Having volunteer lawyers lightens the load for the full-time public defenders and enables the full-time staff to shift their efforts to other clients and matters. Requiring the regular public defenders to be present in the courtroom every time a volunteer appears for a hearing would diminish that value. Indeed, if the regular public defender has to be present anyway, one might say we should do away with the volunteers altogether.

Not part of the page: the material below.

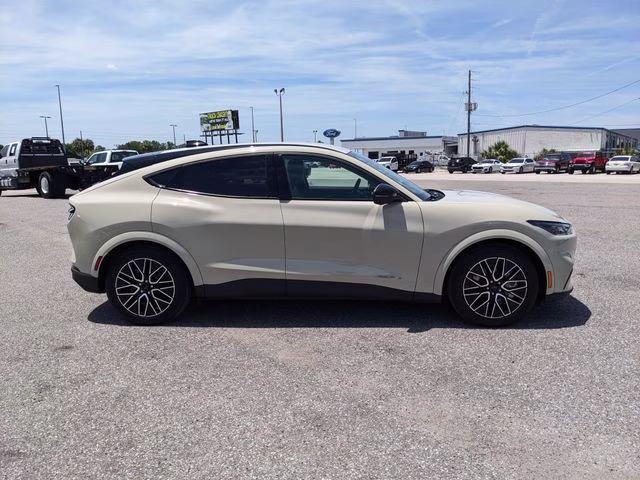 2025 Desert Sand Ford Mustang Mach-E Premium AWD SUV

I'm not bothered by having another lawyer present. Indeed, given my limited experience, I welcome the back-stop -- someone to grab the wheel if I'm veering off course and heading for a tree. But I don't think there is any need for a local lawyer to be present at every hearing. Nor do I think there is much need for local lawyers to hold the hands of more experienced out-of-state attorneys. After all, there is not a great deal of variation in criminal defense from one jurisdiction to the next. And as long as the local lawyers are providing "oversight and supervision," there should not be any concern that an experienced out-of-state lawyer will skip over important variations in the local practice. Most jurisdictions have "pro hac vice" rules that enable out-of-state lawyers to practice locally for limited number of cases under similar circumstances without requiring the local lawyer to be present at every hearing. While the Louisiana Supreme Court's rule in these circumstances does not limit the number of cases a volunteer can handle, it it not clear why the rule should be more onerous than the customary pro hac vice rules.
One could read the Chief Judge's ruling cynically to reflect a disdain for outsiders coming in and gumming up the "old way" of doing things. I very much doubt, however, that is fair and accurate. I think the judges generally appreciate the value of the volunteers, and I am confident that the judges are not interested in merely having local lawyers serve as ornaments or potted plants in the courtroom. But neither do the judges want to oversee moot courts for inexperienced out-of-staters, setting up instant grounds for appeal for dissatisfied defendants. (Of course, volunteers typically offer vigorous and thorough representation that over-extended public defenders may not be able to provide to every client.) In any case, the Chief Judge's ruling is being appealed, and I suspect this matter will be resolved to the satisfaction of everyone to ensure the adequate and effective representation of indigent defendants.